"De river got so low dat we would be tied up for 3 or 4 days before we could unload it. And we never made it to de port where we could unload it to send it to California. From dese ports you went by land with a covered wagon and oxen or mules. It would sometimes take 6 months to get to California from de time we left de river. My way would have been free because I could drive a team out to California. But I never got to go 'cause de river got so low. I quit de river work and done some farming for first one den another down in Ste. Genevieve County for a couple of years.

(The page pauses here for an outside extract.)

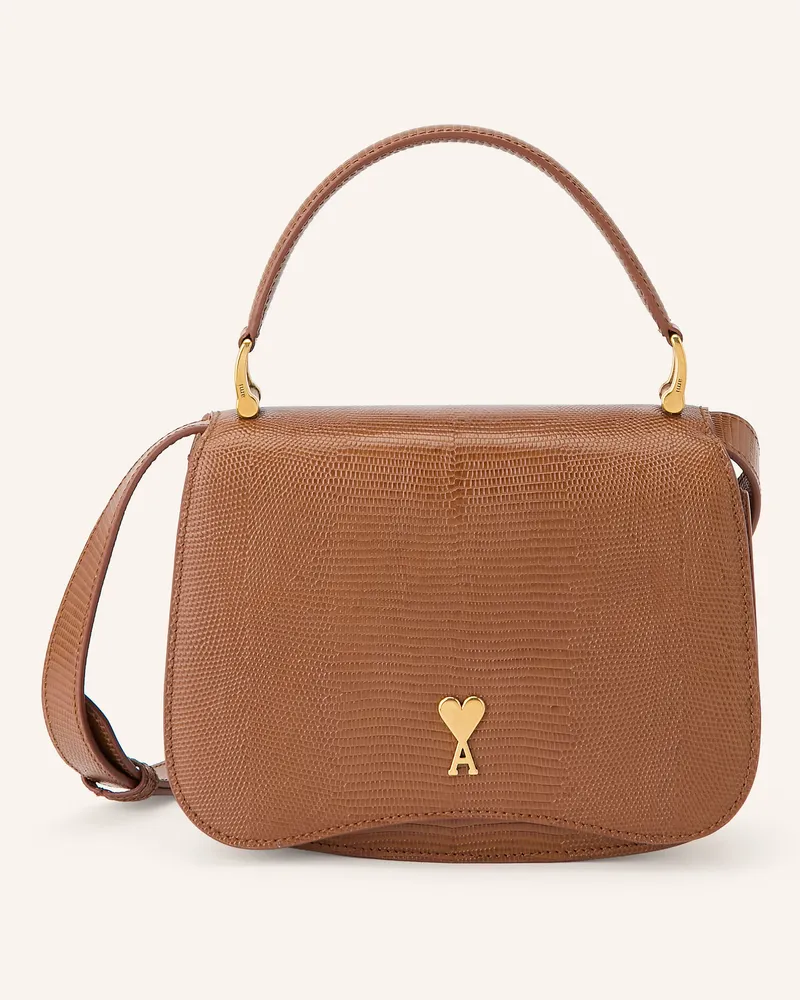 AMI Paris Handtasche Paris Paris braun Cognac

"Dey was just startin' up at Crystal City. Dere was lots in de paper about it. Now and den William Kimer, who was livin' in Jefferson County, wrote me to work for him. I would work for him from May to December durin' de wheat cuttin', thrashing, corn pullin' and wheat sowin'. Den dere was no more summer work, so Crystal City was just startin' up and dere was no railroad and dey got everything by boat and teams hauled de things from de river up to de plant. Sometimes there was from 50 to 60 farm teams down at de river haulin' de coal, brick, etc. for de company. Sometimes we would make $15 a day for de farmer man and he would pay me $10 a month and board. Den I went to Crystal City and worked 13 straight years. De most dat ever I got dere was five or six dollars a day. Dis would be about every three months w'en we tore down de furnace and built it back. At other times I would get about $4.50 a day. I done everything. Made mortar, carried de hod and brick and when quittin' time come you was tired. After I quit Crystal City I went down in Ste. Genevieve County and farmed and got married and had two children. My wife and one child, a little girl, is dead. I live here with my son and his wife. My son has been workin' for de St. Joe here for 12 or 13 years. I had to quit work when I lost my eye-sight.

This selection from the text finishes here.